Once built, the modules and modulefiles need to be copied into the corresponding modules
and modulefiles
directories using a specific directory structure.
Using java 8 as an example, we'd populate the directories as such.
- Assumes the slurm-in-docker and lmod-modules-centos repositories are at the same directory level on the host for relative path commands.
- Module versions used herein are for reference purposes and subject to change as updates occur.
Create new directories to hold the module and module file information for java packages
cd slurm-in-docker
mkdir -p modules/java modulefiles/java
Copy the precompiled module files and Lua script module file definition to the appropriate location.
cp ../lmod-modules-centos/java/1.8.0_171/jdk1.8.0_171.tar.gz modules/java/jdk1.8.0_171.tar.gz
cp ../lmod-modules-centos/java/1.8.0_171/1.8.0_171.lua modulefiles/java/1.8.0_171.lua
cd modules/java/
tar -xzf jdk1.8.0_171.tar.gz
rm -f jdk1.8.0_171.tar.gz
cd -
Using the docker-compose-lmod.yml file, test the newly created java module.
The docker-compose-lmod.yml definition add two new volume mounts which make the modules and modulefiles available to the controller and worker nodes at run time.

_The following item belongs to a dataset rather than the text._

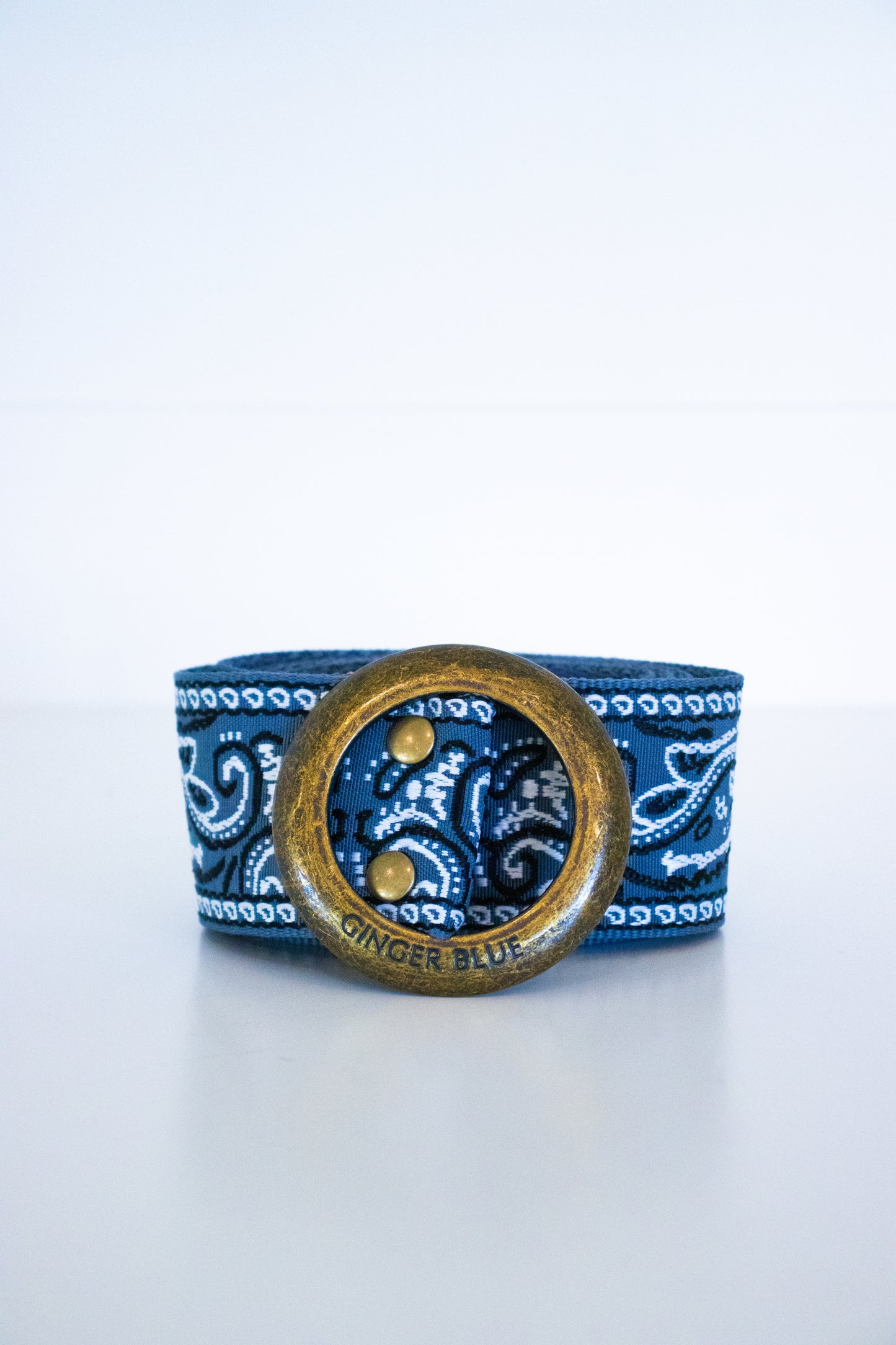 Paisley Please Belt | Denim Blue |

$ docker-compose -f docker-compose-lmod.yml up -d
Creating network "slurmindocker_slurm" with the default driver
Creating volume "slurmindocker_home" with default driver
Creating volume "slurmindocker_secret" with default driver
Creating controller ... done
Creating worker01 ... done
Creating database ... done
Creating worker02 ... done
Use docker exec to get onto the controller node
docker exec -ti controller /bin/bash
List available modules using module avail
# module avail
/opt/apps/modulefiles/Linux -
java/1.8.0_171
/opt/apps/lmod/lmod/modulefiles/Core
lmod/7.7 settarg/7.7
Use "module spider" to find
all possible modules.
Use "module keyword key1 key2
..." to search for all
possible modules matching any
of the "keys".
We can see our newly added java/1.8.0_171
as an option.
Try the java -version
command prior to loading the module.
# java -version
bash: java: command not found
Next, load the java module and try the same command again.
# module load java
# java -version
java version "1.8.0_171"
Java(TM) SE Runtime Environment (build 1.8.0_171-b11)

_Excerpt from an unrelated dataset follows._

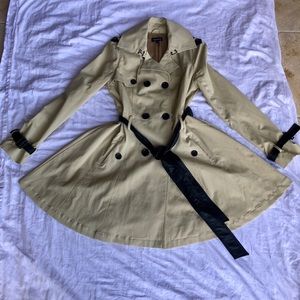 Bebe trench coat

Java HotSpot(TM) 64-Bit Server VM (build 25.171-b11, mixed mode)
Use the which
command to see where java was installed.
# which java
/opt/apps/Linux/java/jdk1.8.0_171/bin/java
Unload the module and try the which
command again.
# module unload java
# which java
/usr/bin/which: no java in (/usr/local/sbin:/usr/local/bin:/usr/sbin:/usr/bin:/sbin:/bin)
Exit the controller node
# exit
Stop the running containers, remove the volume and network defintions
docker-compose -f docker-compose-lmod.yml stop
docker-compose -f docker-compose-lmod.yml rm -f
docker volume rm slurmindocker_home slurmindocker_secret -f
docker network rm slurmindocker_slurm
Nextflow - Data-driven computational pipelines
- Nextflow enables scalable and reproducible scientific workflows using software containers. It allows the adaptation of pipelines written in the most common scripting languages.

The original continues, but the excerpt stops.